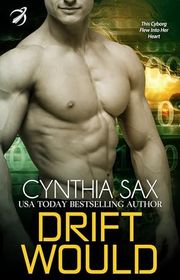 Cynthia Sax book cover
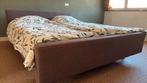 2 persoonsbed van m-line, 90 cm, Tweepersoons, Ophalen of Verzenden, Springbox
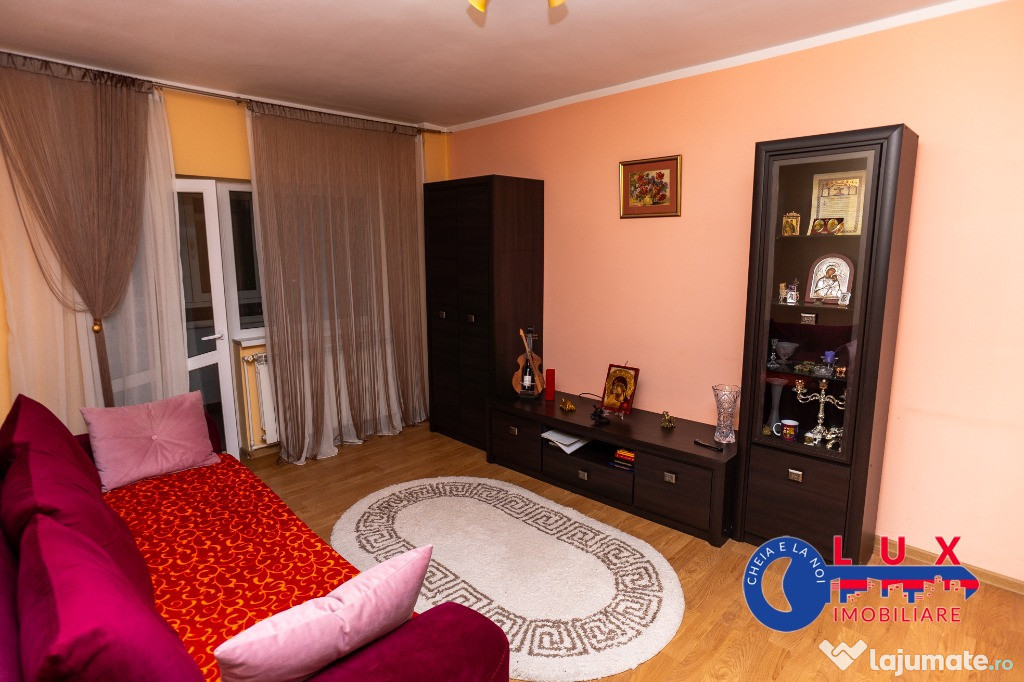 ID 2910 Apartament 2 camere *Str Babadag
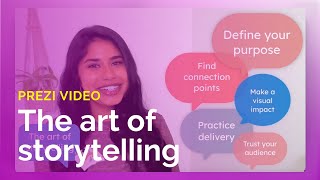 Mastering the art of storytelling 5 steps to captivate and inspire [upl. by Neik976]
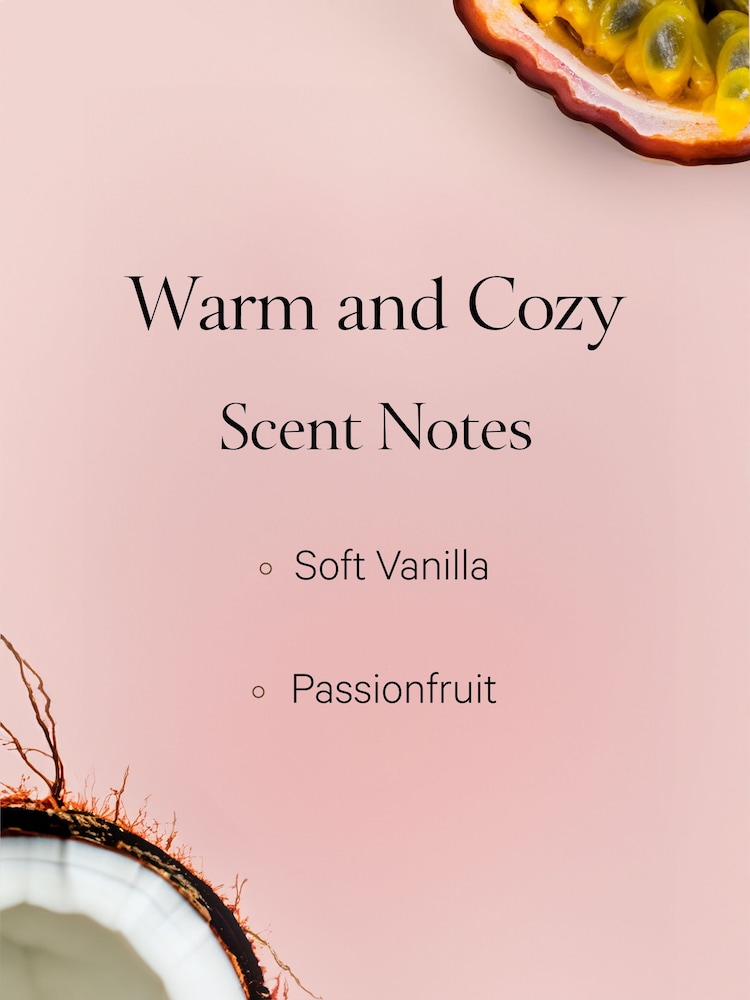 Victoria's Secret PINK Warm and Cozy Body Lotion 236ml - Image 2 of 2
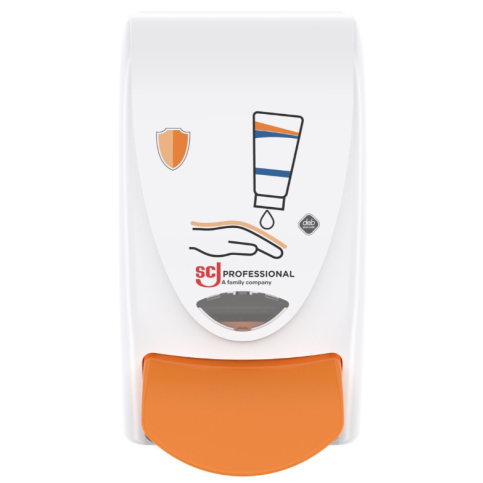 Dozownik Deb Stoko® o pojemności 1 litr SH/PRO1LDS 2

++++++

EXERCISE
Nothing but the lines from the one holding "Mastering the art" through the final line of the entries should be retyped, exactly as they stand and without pictures.

WRITTEN SOLUTION
 Mastering the art of storytelling 5 steps to captivate and inspire [upl. by Neik976]
 Victoria's Secret PINK Warm and Cozy Body Lotion 236ml - Image 2 of 2
 Dozownik Deb Stoko® o pojemności 1 litr SH/PRO1LDS 2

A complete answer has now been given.